Introduction to Amazon Athena
- AWS, Big Data, Cloud, DevOps, Technology
What is Amazon Athena?
Amazon Athena is an analytics and interactive query service that use interactive standard SQL to analyze data stored on Simple Storage Service (S3). It is a serverless service i.e. there is no need to setup the instances for the datastore and manage the infrastructure. Also, there is no need to load data to Athena or run complex ETL processes. All you need to do is to point the data from the application to AWS S3. You can also simply store the logs on S3 to analyze with them with SQL queries.
What Kind of Data Amazon Athena Analyzes?

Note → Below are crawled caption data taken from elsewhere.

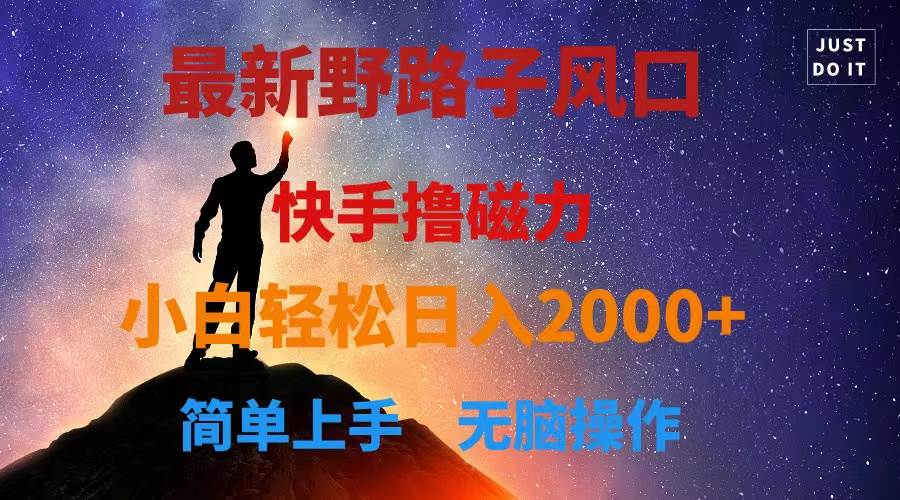 最新风口！快手撸磁力，野路子，小白无脑操作日入2000+-宝籍资源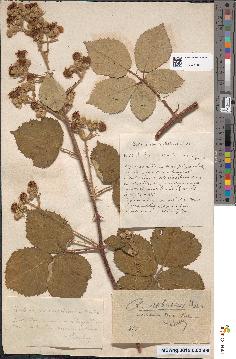 spécimen de Rubus robustus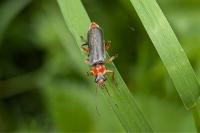 Cantharis pellucida
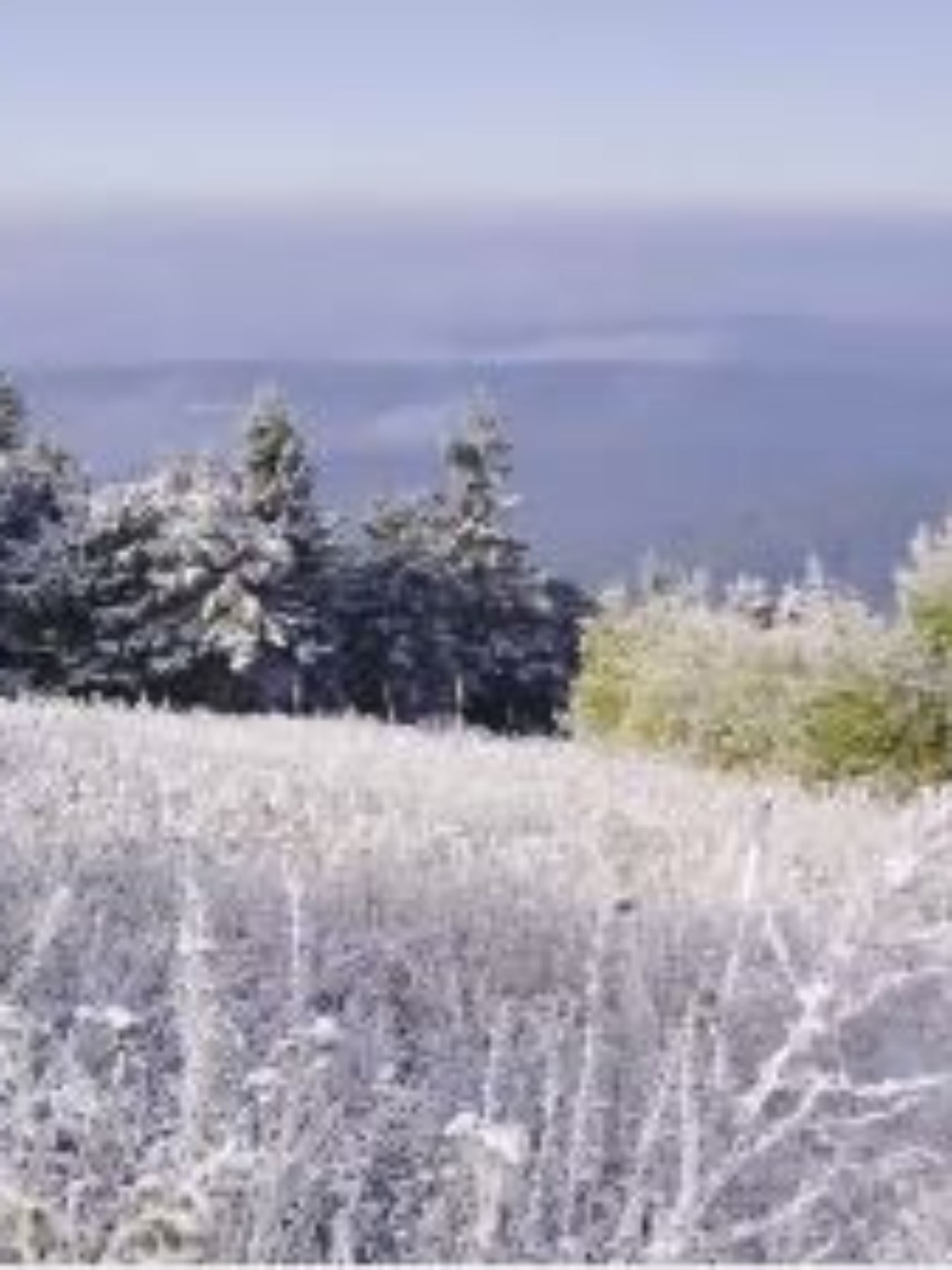 Herbstschnee02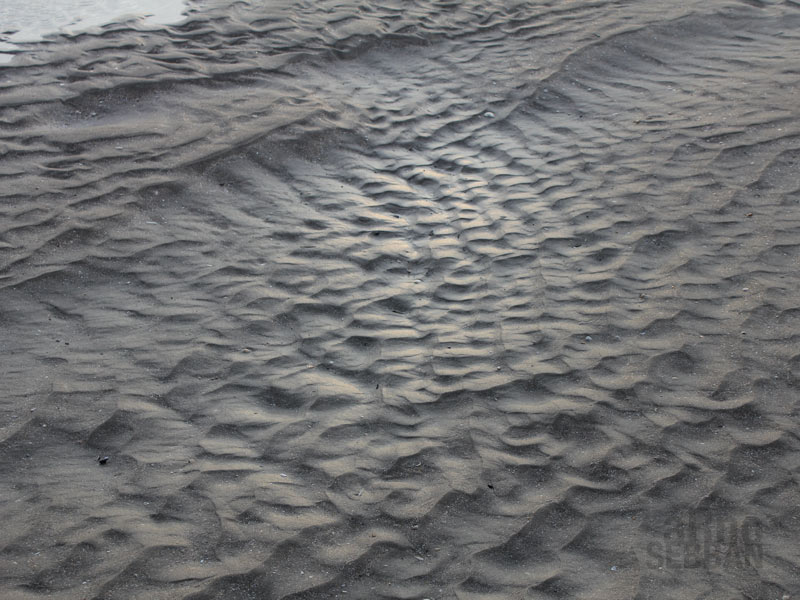 terre-mer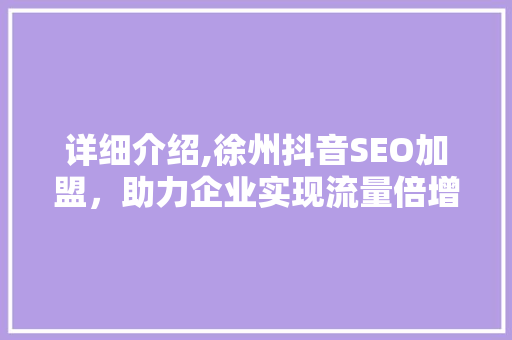 详细介绍,徐州抖音SEO加盟，助力企业实现流量倍增！
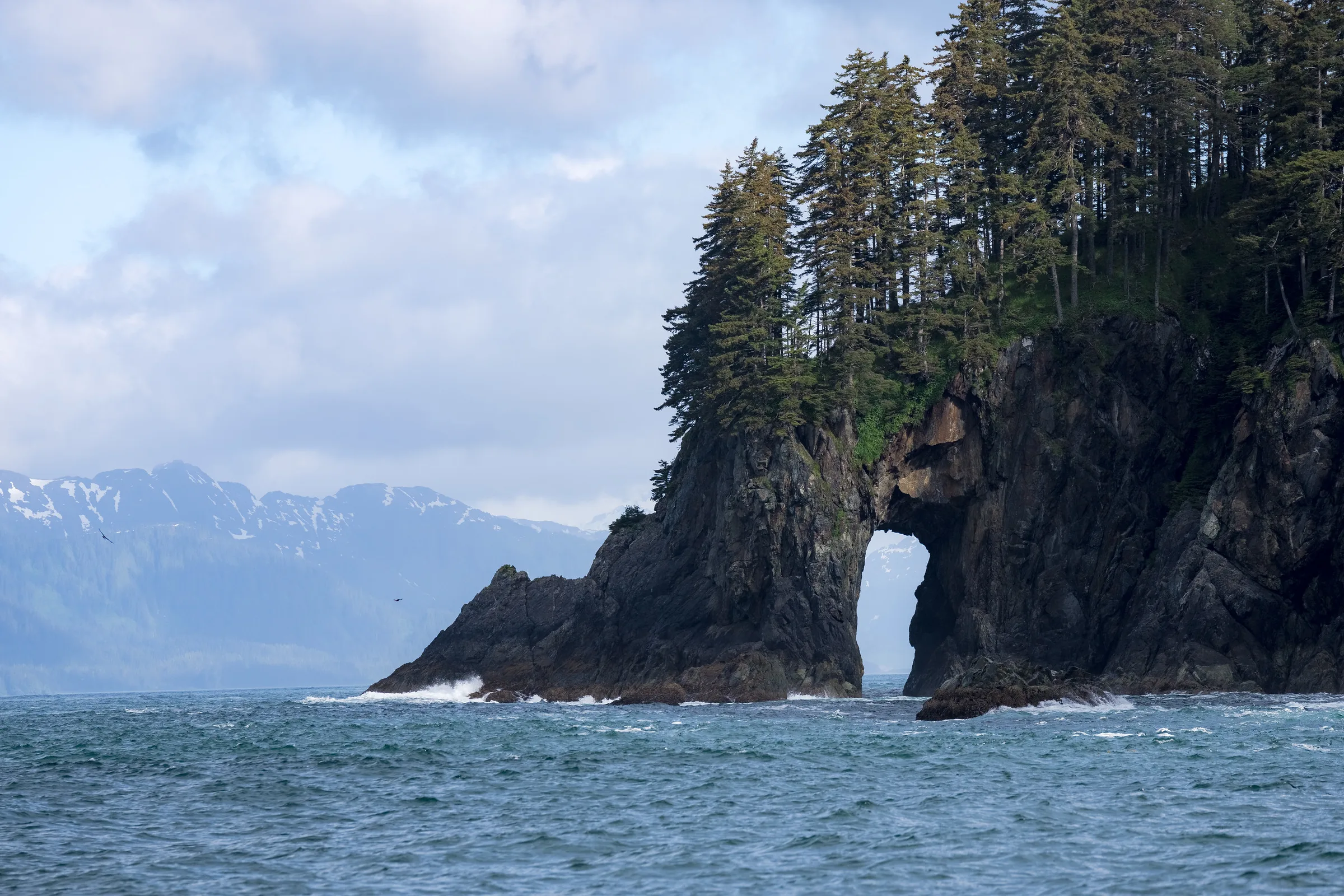 Rocky sea arch topped with Sitka spruce, snow-capped mountains receding into mist beyond choppy green water.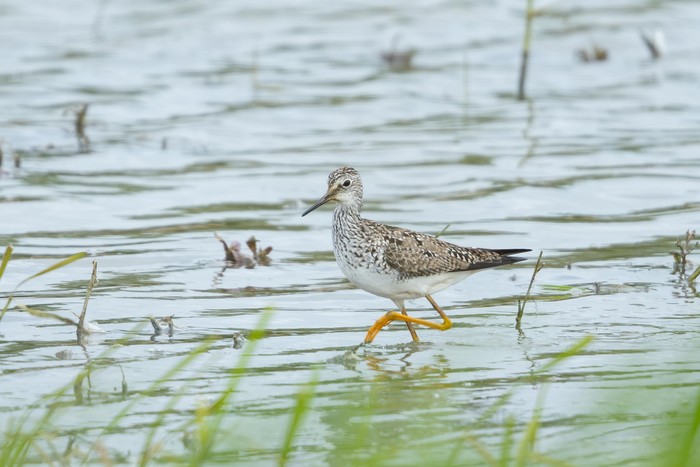 Lesser Yellowlegs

Amazon Athena is capable of analyzing and processing the structured data sets in the form of tables, semi-structured and unstructured data in any format. There are various formats like CSV, JSON, columnar data formats such as Apache Parquet and Apache ORC. You can also use Amazon Athena to generate reports or to explore data with business intelligence tools or SQL clients, connected via a JDBC driver.
Back-End Structure of Amazon Athena
Amazon Athena uses a distributed SQL engine to run the queries called Presto. It uses Apache Hive to store the structured data. Apache Hive is a data warehouse tool that creates, drops and alters tables and partitions in the datasets.
Amazon Athena provides its query editor that help developers to create a query on the data, which is written on Apache Hive. These queries are compliant DDL Create Table statements or DDL drafted in Apache Hive, which facilitates reading, writing, and managing large and distributed data sets. Apache Hive supports various SQL functions and provides data partitioning similar to the concept of external tables. Athena metadata store is a repository that stores metadata such as column names and table definitions. It also supports various window functions, complex joins, and nested queries; and uses an approach known as schema-on-read, which allows developers to project their schema on the data at the same time when the query is executed.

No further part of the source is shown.